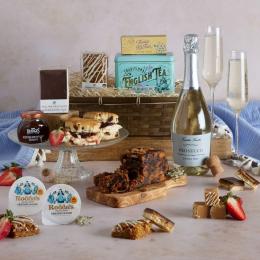Afternoon tea hamper with contents on display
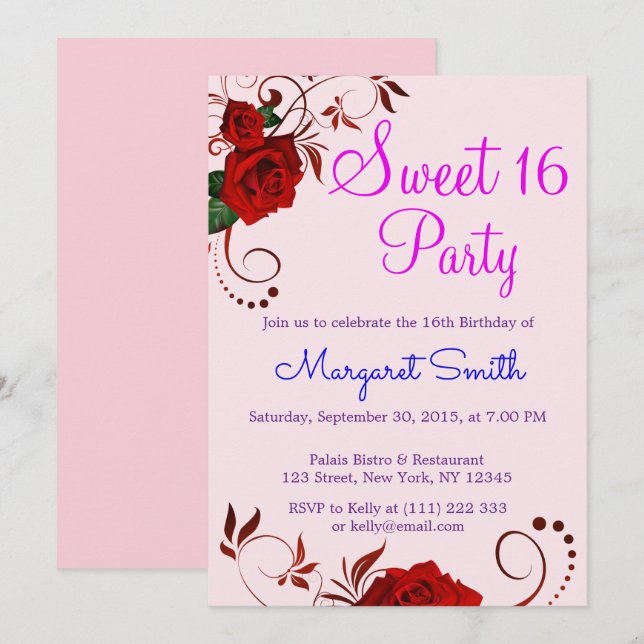 Invitation magnifique fleur rose rouge Sweet 16 (Devant / Derrière)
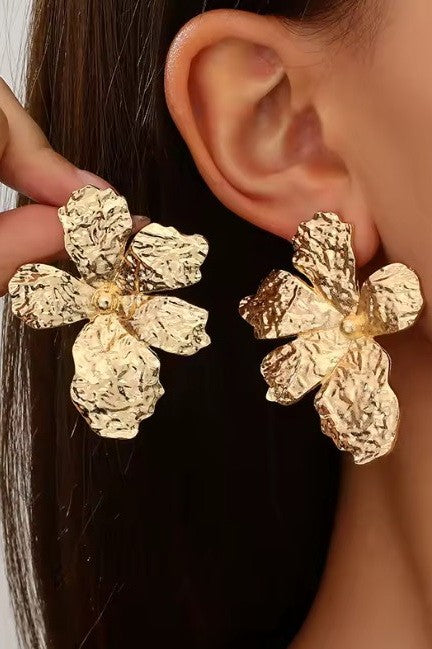 Large Flower Gold Earrings
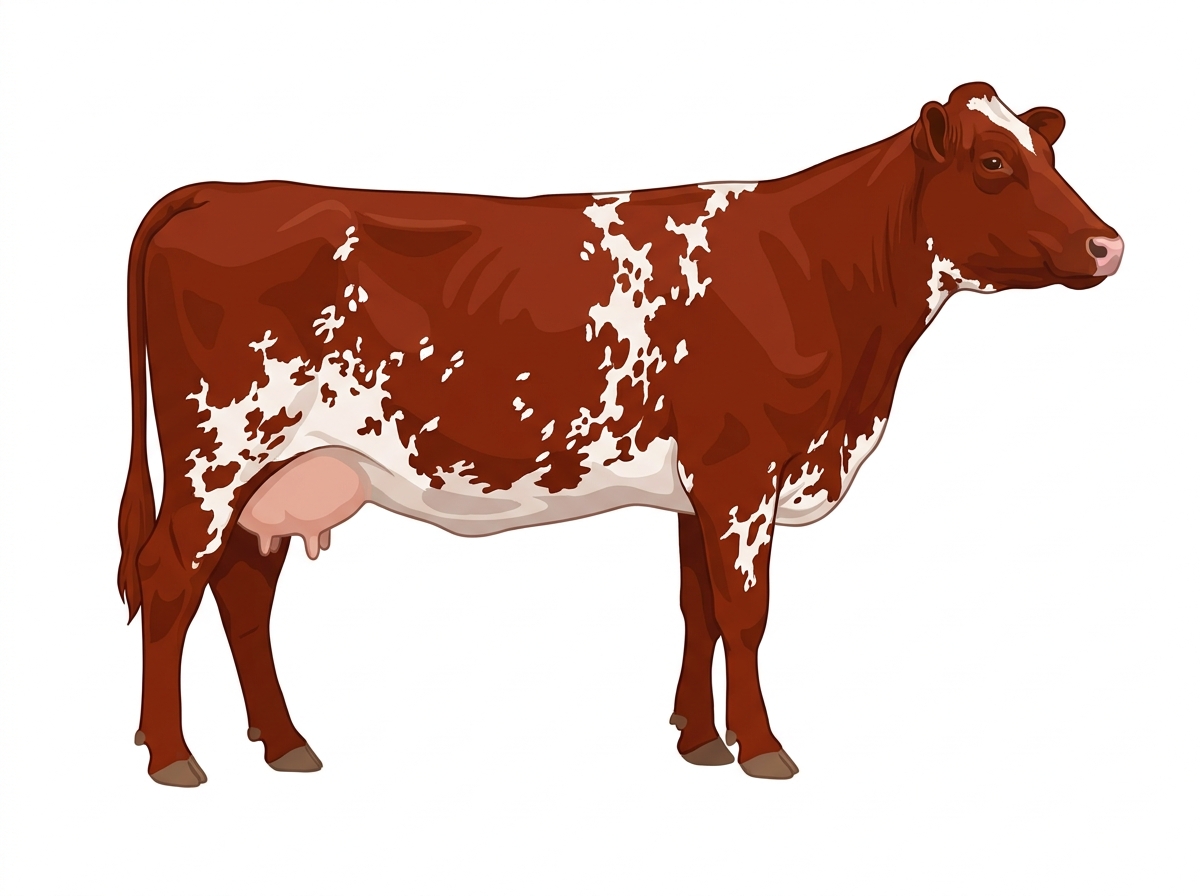Red with ticking in the white Shorthorn Cow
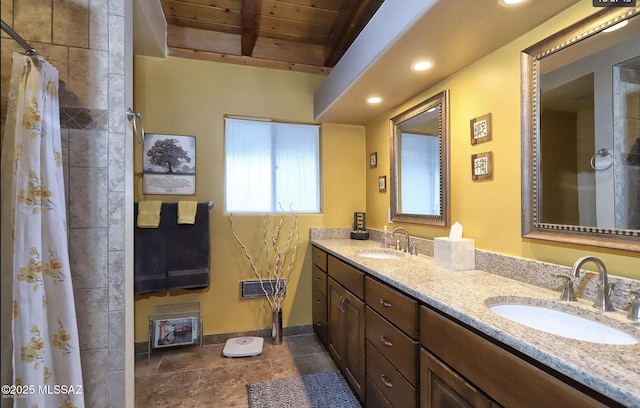 bathroom with beamed ceiling, vanity, wood ceiling, and a shower with shower curtain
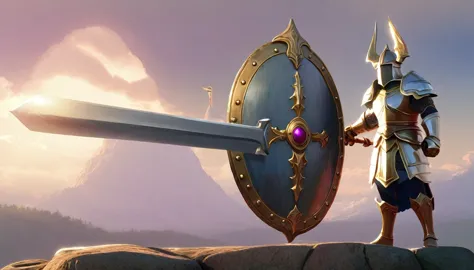 A shining sword and a heavy shield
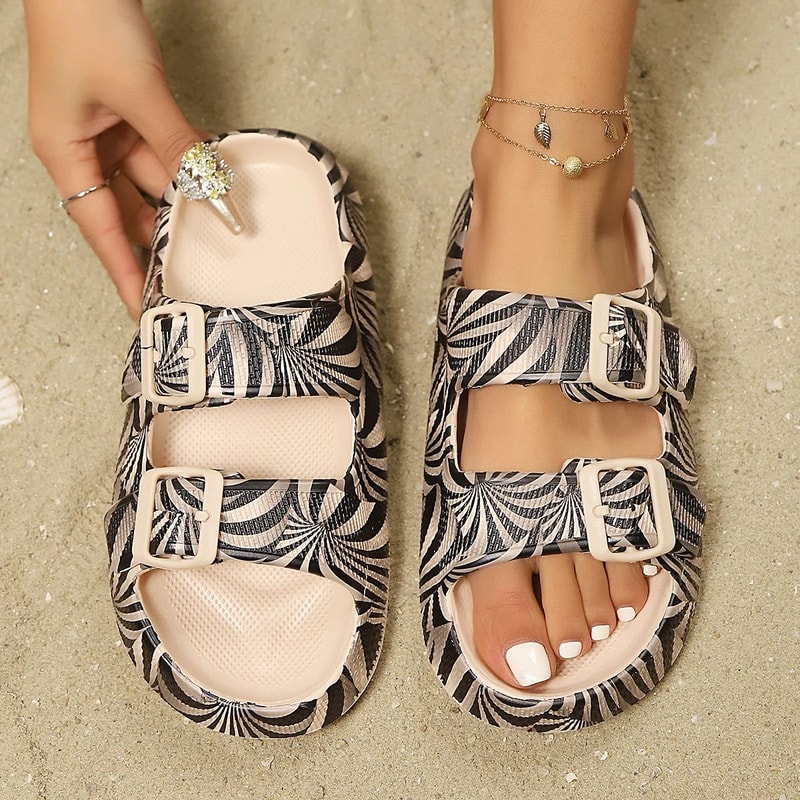 LeopardPrint Cloud Comfort Beach Slides ThickSole Summer Women Comfort Slippers 7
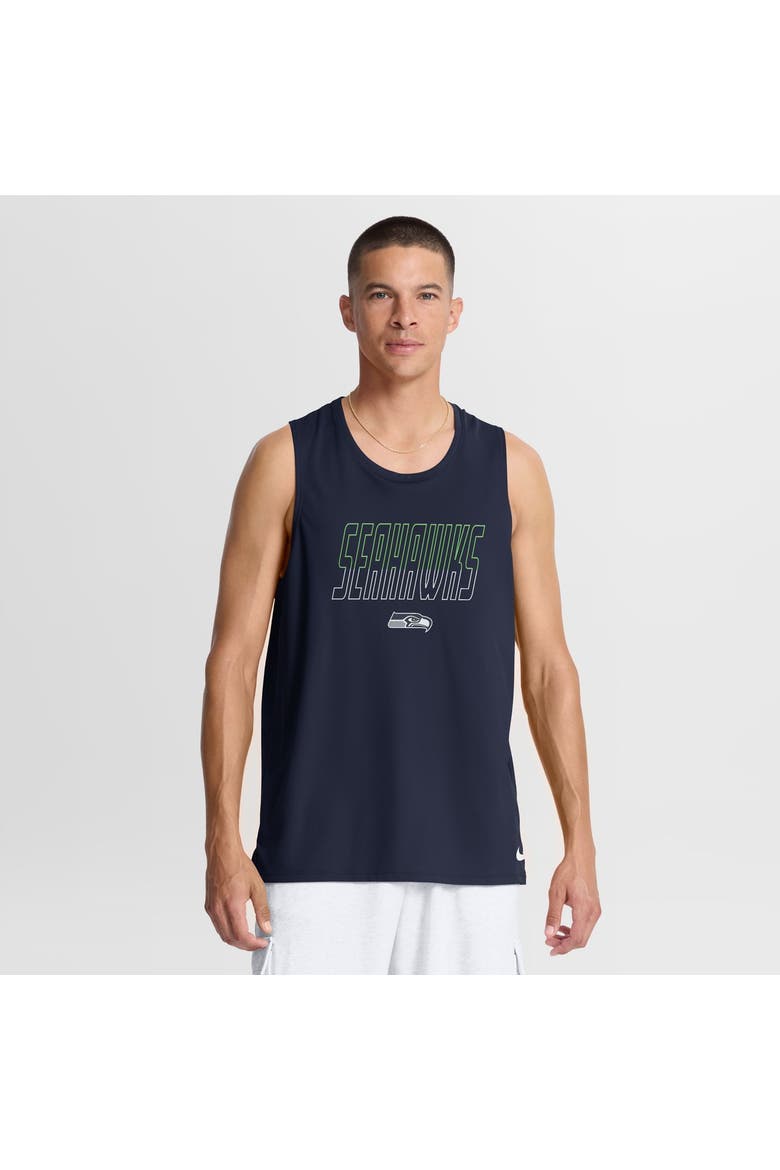 Men's Nike College Navy Seattle Seahawks Kickoff Miler Dri-FIT Tank​ Top, Main, color, College Navy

********************

YOUR ASSIGNMENT:
The copy starts at the line holding "Invitation magnifique fleur" and ends at the last line of the records above. Transcribe those lines exactly, pictures excluded.

EXERCISE RESULT:
 Invitation magnifique fleur rose rouge Sweet 16 (Devant / Derrière)
 Large Flower Gold Earrings
Red with ticking in the white Shorthorn Cow
 bathroom with beamed ceiling, vanity, wood ceiling, and a shower with shower curtain
 A shining sword and a heavy shield
 LeopardPrint Cloud Comfort Beach Slides ThickSole Summer Women Comfort Slippers 7
 Men's Nike College Navy Seattle Seahawks Kickoff Miler Dri-FIT Tank​ Top, Main, color, College Navy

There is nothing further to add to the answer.